Question #8: Based upon the information above, what is the sensitivity of an ELISA test?

Question #9: Based upon the information above, what is the specificity of an ELISA test?

Question #10: Suppose an individual tests positive during an ELISA screening prior to a blood donation. How likely do you think it is that this person actually has HIV? In your write-up, record whether you think this probability is closest to 0.1, 0.5, or 0.9. For now, there’s not a correct answer, I’m only looking for your intuitive judgment and a brief explanation.

\(~\)

Conditional Probability and Contingency Tables

Imagine a hypothetical population of 1,000,000 people and suppose that 0.5% of this population actually has HIV (this is roughly the percentage in the US).

Question #11: How many people in this population have HIV (as a count)? How many do not have HIV (as a count)?

Question #12: Considering all of the members of the population who have HIV, if 97.7% of them would test positive on an ELISA screening, how many positive and negative tests will there be (as counts) in this group?

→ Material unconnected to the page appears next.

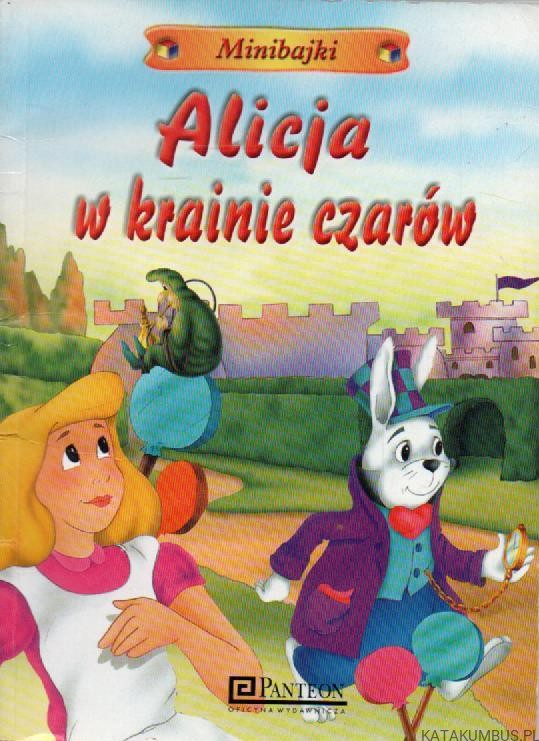 Minibajki. Alicja w krainie czarów. PRACA ZBIOROWA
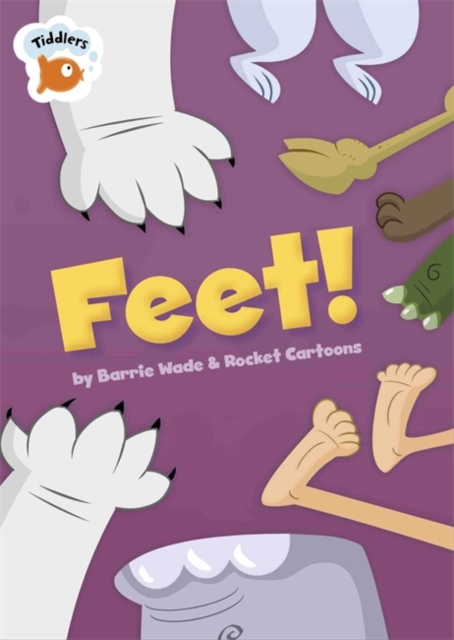 Tiddlers: Feet!, Paperback / softback Book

Question #13: Considering all of the members of the population who do not have HIV, if 92.6% of them would test negative on an ELISA screening, how many positive and negative tests will there be (as counts) in this group?

Question #14: Using your answers to Questions #11 - #13, fill out the contingency table outlined below:

Positive ELISA Negative ELISA Total
Has HIV
Doesn’t have HIV
Total 1,000,000

\(~\)

Reversing the Conditional Probabilities

Question #15: Using the hypothetical contingency table you created in Question #14, what proportion of those who test positive on an ELISA screening test actually have HIV? Why is this probability smaller than what most people would expect?

Question #16: Using the hypothetical contingency table you created in Question #14, what proportion of people who test negative on an ELISA screening test are actually free of HIV? How does this probability estimate compare with what you’d expect?